_WORK INSTRUCTIONS_
In your copy of the listing below, reproduce each word exactly and include no pictures.

_PROVIDED MATERIAL_
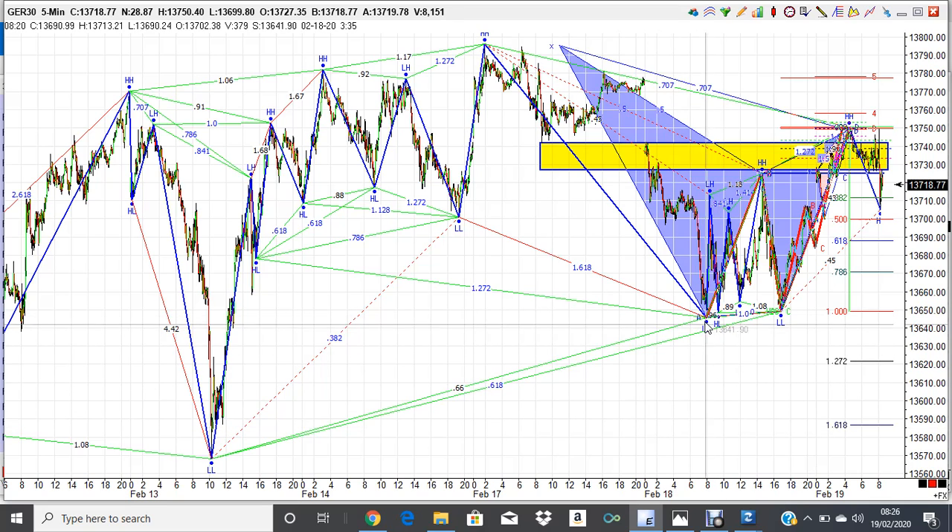We came down to the 61% retracement and bounced. We've got an ABCD — we've completed a Gartley pattern right up here at the 0.707 off the high. A couple of ABCs completing, the big one here — ABC extended to exactly 1.27 — and this one is extended slightly as well, coming spot on at the 13,750 area.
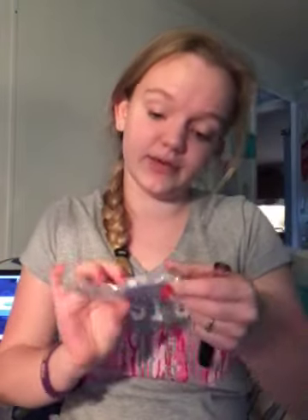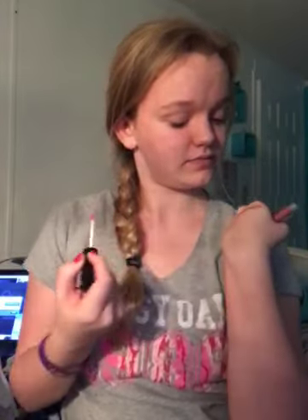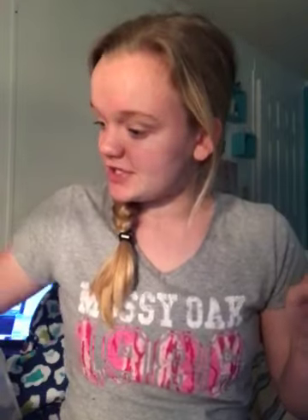Then I got this LA Colors long-wearing liquid lipstick in Kiss Kiss. And here it is. So let's swatch it because I've been dying to all day. Oh, it's really pretty. That is such a pretty color. I feel like this lighting isn't giving it justice — it's like a light baby pink. It's really pretty. So I'm really excited to give this a try, possibly tomorrow.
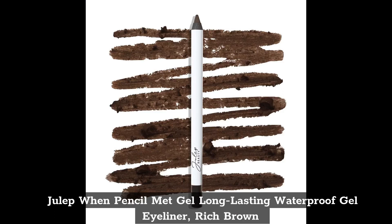Top 10: Julep Pencil Met Gel, long lasting waterproof gel eyeliner, Rich Brown.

_RESPONSE BOX_
We came down to the 61% retracement and bounced. We've got an ABCD — we've completed a Gartley pattern right up here at the 0.707 off the high. A couple of ABCs completing, the big one here — ABC extended to exactly 1.27 — and this one is extended slightly as well, coming spot on at the 13,750 area.
Then I got this LA Colors long-wearing liquid lipstick in Kiss Kiss. And here it is. So let's swatch it because I've been dying to all day. Oh, it's really pretty. That is such a pretty color. I feel like this lighting isn't giving it justice — it's like a light baby pink. It's really pretty. So I'm really excited to give this a try, possibly tomorrow.
Top 10: Julep Pencil Met Gel, long lasting waterproof gel eyeliner, Rich Brown.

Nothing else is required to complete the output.